The technology, which is known as Irene (Image, Reconstruct, Erase Noise, Etc.), was developed by the particle physicist Carl Haber and the engineer Earl Cornell at Lawrence Berkeley. Irene extracts sound from cylinder and disk records. It can also reconstruct audio from recordings so badly damaged they were deemed unplayable.

“We are now hearing sounds from history that I did not expect to hear in my lifetime,” Mr. Fabris said.

The Rolfses said they were not sure what to expect in August when they carefully packed their two Edison doll cylinders, still attached to their motors, and drove from their home in Hortonville, Wis., to the National Document Conservation Center in Andover, Mass. The center had recently acquired Irene technology.

Audio

Cylinders carry sound in a spiral groove cut by a phonograph recording needle that vibrates up and down, creating a surface made of tiny hills and valleys. In the Irene set-up, a microscope perched above the shaft takes thousands of high-resolution images of small sections of the grooves.

Stitched together, the images provide a topographic map of the cylinder’s surface, charting changes in depth as small as one five-hundredth the thickness of a human hair. Pitch, volume and timbre are all encoded in the hills and valleys and the speed at which the record is played.

At the conservation center, the preservation specialist Mason Vander Lugt attached one of the cylinders to the end of a rotating shaft. Huddled around a computer screen, the Rolfses first saw the wiggly waveform generated by Irene. Then came the digital audio. The words were at first indistinct, but as Mr. Lugt filtered out more of the noise, the rhyme became clearer.

“That was the Eureka moment,” Mr. Rolfs said.

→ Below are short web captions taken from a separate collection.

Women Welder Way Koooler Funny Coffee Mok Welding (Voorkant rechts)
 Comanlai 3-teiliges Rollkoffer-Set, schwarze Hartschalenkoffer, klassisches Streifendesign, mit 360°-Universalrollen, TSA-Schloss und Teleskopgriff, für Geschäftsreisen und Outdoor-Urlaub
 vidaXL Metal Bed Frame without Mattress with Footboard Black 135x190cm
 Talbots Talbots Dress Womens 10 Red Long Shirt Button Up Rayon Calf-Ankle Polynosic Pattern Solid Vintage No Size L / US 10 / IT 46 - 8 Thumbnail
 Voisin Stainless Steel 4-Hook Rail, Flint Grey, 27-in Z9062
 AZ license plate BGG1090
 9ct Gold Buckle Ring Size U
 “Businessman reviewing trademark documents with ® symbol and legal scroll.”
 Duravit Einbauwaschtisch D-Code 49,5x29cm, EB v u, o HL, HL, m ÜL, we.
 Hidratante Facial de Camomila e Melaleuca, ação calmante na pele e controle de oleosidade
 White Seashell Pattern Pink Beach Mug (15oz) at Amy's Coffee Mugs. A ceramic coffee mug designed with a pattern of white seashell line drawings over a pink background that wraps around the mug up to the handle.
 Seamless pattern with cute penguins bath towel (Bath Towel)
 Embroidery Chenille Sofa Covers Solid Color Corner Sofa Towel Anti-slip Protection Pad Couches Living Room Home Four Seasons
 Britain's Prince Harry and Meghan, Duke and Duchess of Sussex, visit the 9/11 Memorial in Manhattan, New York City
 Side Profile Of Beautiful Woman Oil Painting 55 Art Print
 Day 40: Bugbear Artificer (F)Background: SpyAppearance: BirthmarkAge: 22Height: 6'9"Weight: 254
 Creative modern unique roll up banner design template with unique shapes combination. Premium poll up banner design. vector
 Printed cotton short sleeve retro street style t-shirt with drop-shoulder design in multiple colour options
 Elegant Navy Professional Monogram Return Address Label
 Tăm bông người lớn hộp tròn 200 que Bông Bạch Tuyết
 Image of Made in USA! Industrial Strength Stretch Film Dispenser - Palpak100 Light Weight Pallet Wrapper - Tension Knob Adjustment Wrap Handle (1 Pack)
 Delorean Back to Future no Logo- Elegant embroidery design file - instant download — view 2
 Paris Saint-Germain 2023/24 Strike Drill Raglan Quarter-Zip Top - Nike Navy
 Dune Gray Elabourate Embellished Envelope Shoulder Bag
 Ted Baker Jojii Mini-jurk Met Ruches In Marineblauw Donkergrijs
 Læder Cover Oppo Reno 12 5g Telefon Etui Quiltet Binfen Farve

In 1890, a girl in Edison’s laboratory had recited:

There was a little girl,

And she had a little curl

Audio

Right in the middle of her forehead.

When she was good,

She was very, very good.

But when she was bad, she was horrid.

Recently, the conservation center turned up another surprise.

In 2010, the Woody Guthrie Foundation received 18 oversize phonograph disks from an anonymous donor. No one knew if any of the dirt-stained recordings featured Guthrie, but Tiffany Colannino, then the foundation’s archivist, had stored them unplayed until she heard about Irene.

Last fall, the center extracted audio from one of the records, labeled “Jam Session 9” and emailed the digital file to Ms. Colannino.

“I was just sitting in my dining room, and the next thing I know, I’m hearing Woody,” she said. In between solo performances of “Ladies Auxiliary,” “Jesus Christ,” and “Dead or Alive,” Guthrie tells jokes, offers some back story, and makes the audience laugh. “It is quintessential Guthrie,” Ms. Colannino said.

The Rolfses’ dolls are back in the display cabinet in Wisconsin. But with audio stored on several computers, they now have a permanent voice.